When You Move at a Snail's Pace, But the Rest of the World Doesn't

I am sure I have probably said before that ever since being slowed down by MS, I have noticed more just how fast the rest of the world is moving. A perfect example occurred in the parking lot of my grocery recently. I came out of the store, dragging myself to my car, laboriously pushing my full shopping cart. After what seemed like several minutes, I got to the car, opened the trunk and started putting the bags of groceries in. Then a woman came barreling toward the car parked next to me, also pushing a full cart.

As I stood at my car, slowly placing the bags into the trunk and moving items around to more evenly distribute the weight of those bags, I noticed the woman tossing her bags into her car as if they weighed nothing. Then she sped past me to put her shopping cart in the cart return, like she was practicing for a new TV show called The Great American Grocery Race. She took off as I finally closed the trunk and headed to the cart return (which I was parked next to - a little strategy I use these days.) I kind of jealously glanced at the now empty parking spot on the other side of my car. These days, it just feels like everyone else is racing past me, leaving me standing in their dust.

Oh, swiftly moving society, how I miss walking among you and being able to keep up!

I recently read a letter by a woman with MS in a magazine. She wrote about how she had found a certain joy in being slowed down by MS, that it had given her time to focus on things she loved to do and a greater appreciation for things.

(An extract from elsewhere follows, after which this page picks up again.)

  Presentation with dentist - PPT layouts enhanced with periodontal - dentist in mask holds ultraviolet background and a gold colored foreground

(Sigh) I guess that's a good way of looking at it. I do agree with that. Still, I can't help but miss the days when I could walk briskly, and get more done in a day.

There are times when moving slowly is a good thing. A quiet walk in the park, a leisurely stroll through an art museum. Taking time to take in one's surroundings and really see the beauty of them.

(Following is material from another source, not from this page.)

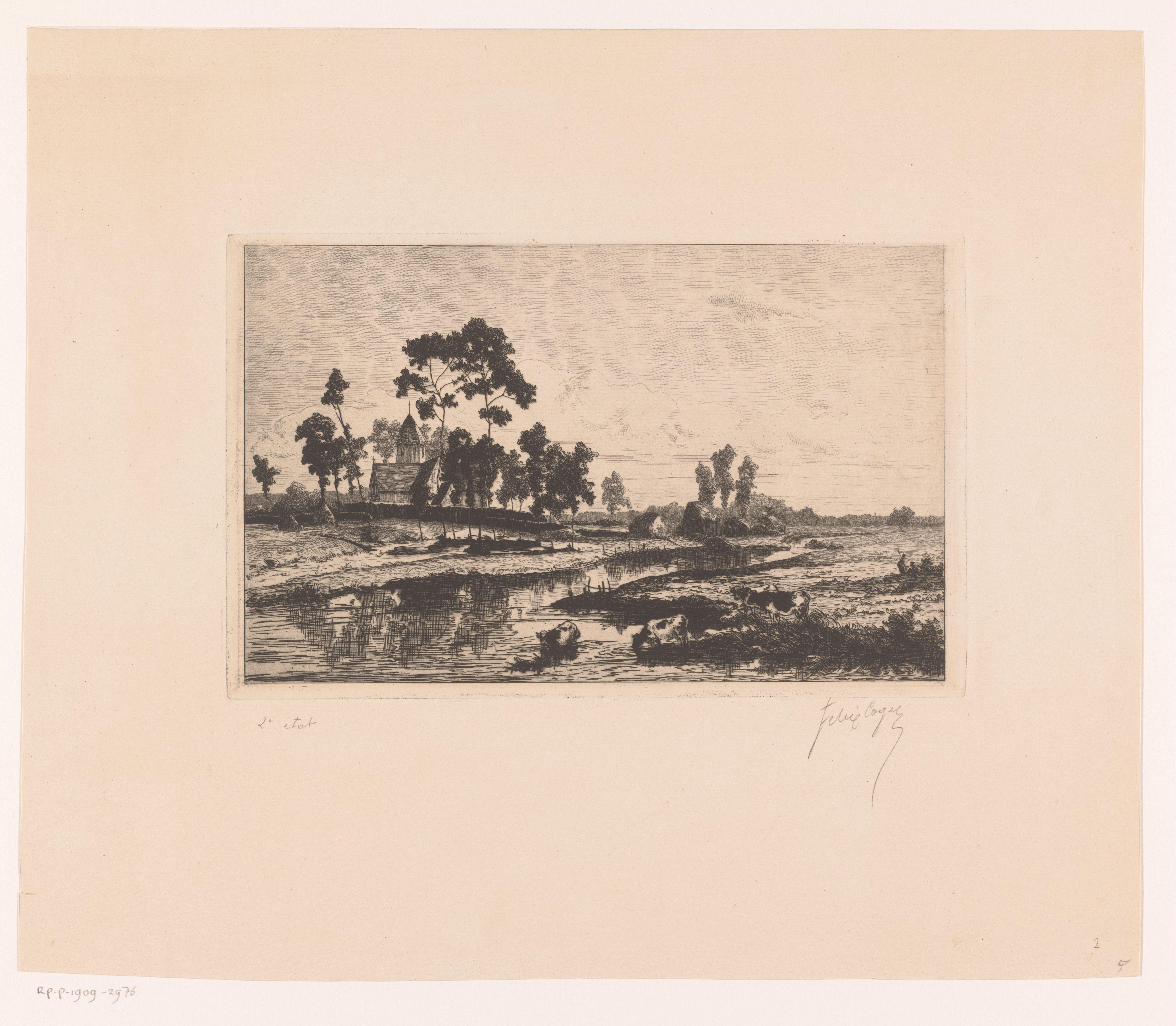 Waterrijk landschap met een kerk en koeien langs de oever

There isn't much to notice or appreciate about a grocery store parking lot. Except how quickly everyone else is moving. And I've realized that the fact that they are rushing about is probably indicative of having lots to do and being stressed out. And it's also made me realize that I probably was stressed out when I was moving at their speed, too.

So for me the joy of moving slower is that it has afforded me a less stressful lifestyle, which is nice. I still wouldn't mind being able to move a little faster when I have errands to get out of the way. But I have found ways to deal with getting things done. I give myself more time now to do them, and I don't overburden myself with my to-do list.

I know I am always going to be envious of the folks who can move faster than I - to a degree. But I do like knowing that I am not under pressure to get things done, and I like that I don't have to race around and I don't feel compelled to jam more stuff to do into my day. I can see the advantages of a slower pace now, and I do appreciate them.